Analyzing course Certificate types values.

In [69]:
df.groupby('course_difficulty').course_difficulty.value_counts().unstack().plot.barh()

In [70]:
df.groupby('course_Certificate_type').course_Certificate_type.value_counts().unstack().plot.barh()

## Data Cleaning
1. Deleting first Unnamed column
2. Deleting course name - not necessary now; as all the values are unique

In [71]:
df=df.drop(['course_title'],axis=1)

## Feature Engineering

1. Modifying course_students_enrolled column

In [72]:
df_fe1=df.copy()


In [73]:
def course_students_enrolled_modifier(x):
    return x[:-2]

In [74]:
df_fe1['course_students_enrolled_modified']=df_fe1['course_students_enrolled'].apply(course_students_enrolled_modifier)
df_fe1['course_students_enrolled_modified']=df_fe1['course_students_enrolled_modified'].apply(pd.to_numeric)
df_fe1 =df_fe1.drop(['course_students_enrolled'],axis=1)
df_fe1

2. Modifying course_difficulty column to numarical

In [75]:
def course_difficulty_modifier(x):
    if x=="Beginner":
        return "0"
    elif x=="Intermediate":
        return "1"
    elif x=="Mixed":
        return "0.5"
    elif x=="Advanced":
        return "2"
    else:
        return "0" 
"""as most courses are beginner level, we are assuming undefined will be beginner too."""

In [76]:
df_fe1['course_difficulty_modified']=df_fe1['course_difficulty'].apply(course_difficulty_modifier)
df_fe1['course_difficulty_modified']=df_fe1['course_difficulty_modified'].apply(pd.to_numeric)
df_fe1 =df_fe1.drop(['course_difficulty'],axis=1)
df_fe1

#### Data Exploration of newly engineered columns

In [77]:
df_fe1[['course_difficulty_modified','course_students_enrolled_modified']].describe()

course_students_enrolled_modified has some empty columns, so we have to fill them. 

In [78]:
df_fe1[['course_students_enrolled_modified']].plot.hist()

so , most of the frequencies are in between 0-10, so, using average-1; so avoid the effect of outliers.

In [79]:
df_fe1['course_students_enrolled_modified'].fillna((df_fe1['course_students_enrolled_modified'].mean()-1), inplace=True)
df_fe1[['course_difficulty_modified','course_students_enrolled_modified']].describe()

In [80]:
df_numaric=df_fe1.select_dtypes(include=np.number)

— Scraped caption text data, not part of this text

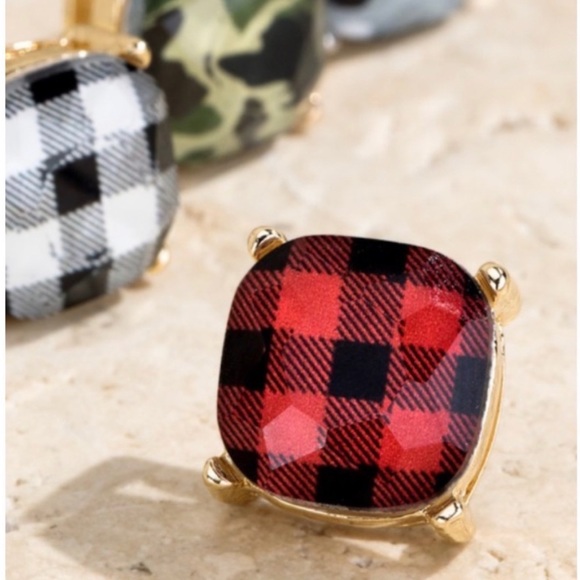 💝💝Host Pick💝💝 Red Buffalo Plaid Print Earrings - Picture 4 of 4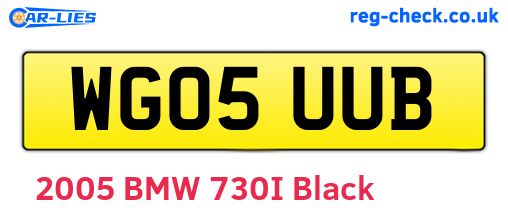 WG05UUB are the vehicle registration plates.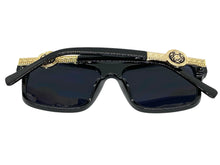 Classy Elegant Luxury Designer Style SUNGLASSES Black Frame with Gold Medallion 4065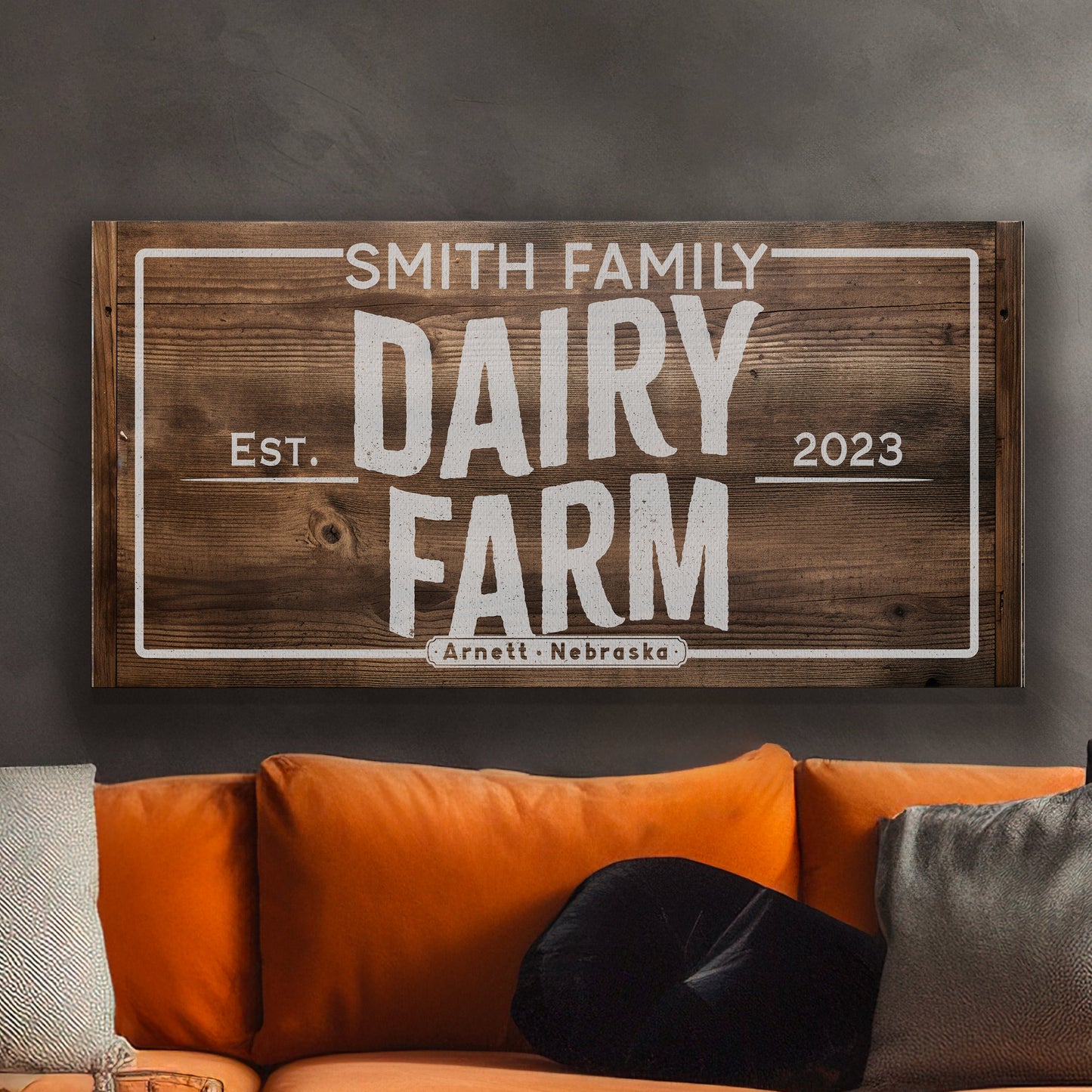 Farmhouse Sign, Personalized Homestead Sign, Farmhouse Wall Decor, Custom Family Name Farmhouse Sign, Name Date Farmstead Large Canvas Print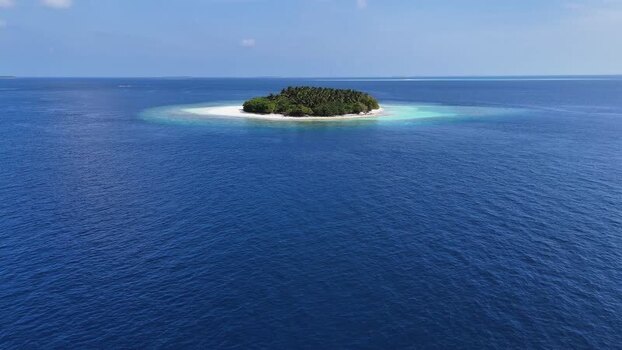 Aerial view of a tropical island with palm trees Maldives. Aerial view of a tropical island with palm trees Maldives.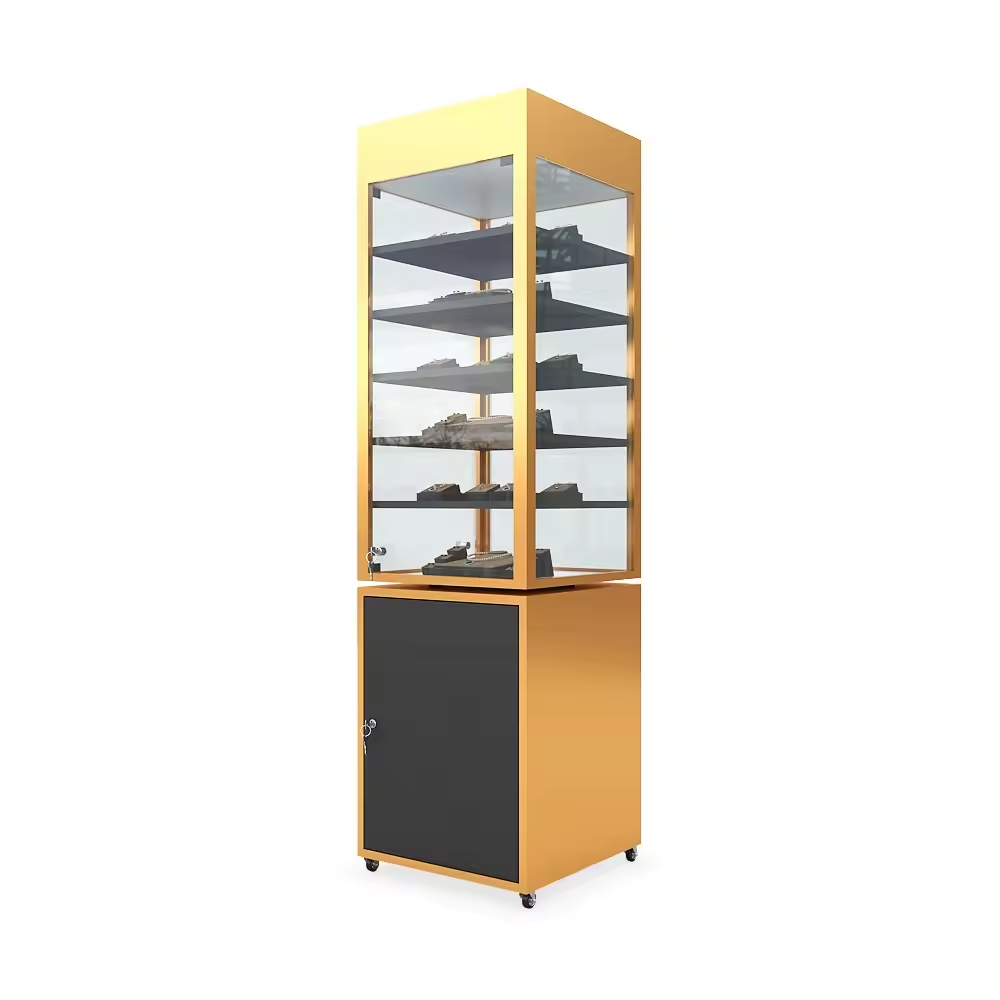 Locking Metal Large Acrylic Tall Glass Display Cabinet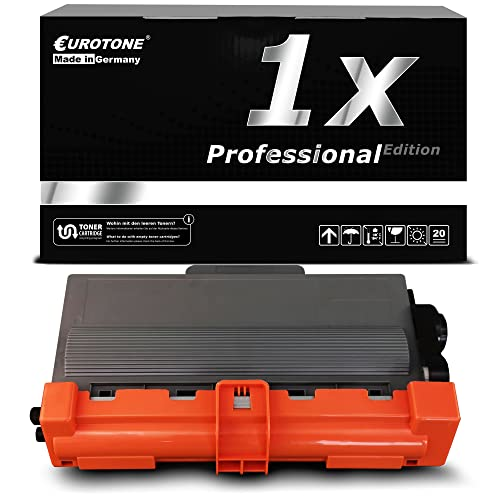 Schwarze Eurotone Verpackungsbox mit "1x Professional Edition" und eine Tonerpatrone mit orangefarbener Schutzkappe.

#### Finding relation between columns

In [81]:
corrM = df_numaric.corr()
corrM

In [82]:
df_numaric.plot.scatter(x='course_rating', y='course_difficulty_modified',c='DarkBlue')

#### Findings : 
No effective coorelation.

## Key Findings and Insights

1. Average course rating is quite higher, compared to lowest and maximum value. So, the cours quality is being maintained.
2. Advanced courses' rating has some ups-and downs; maybe due to low frequency.
3. Beginner course has distribution quite similiar to total rating chart, as big portion of the data is from them, and he number of beginner level courses are high.
4. Intermidiate course's rating top is not as sharp of others, that may say - as the participants has some knowledge on the topic, they can judge better and being critical.
5. Specializations has lower mean value than courses, but the distribution is interesting. specialization has good distribution values on right, but normal courses are on left.
6. No effective coorelation between course_difficulty,course_students_enrolled, course rating.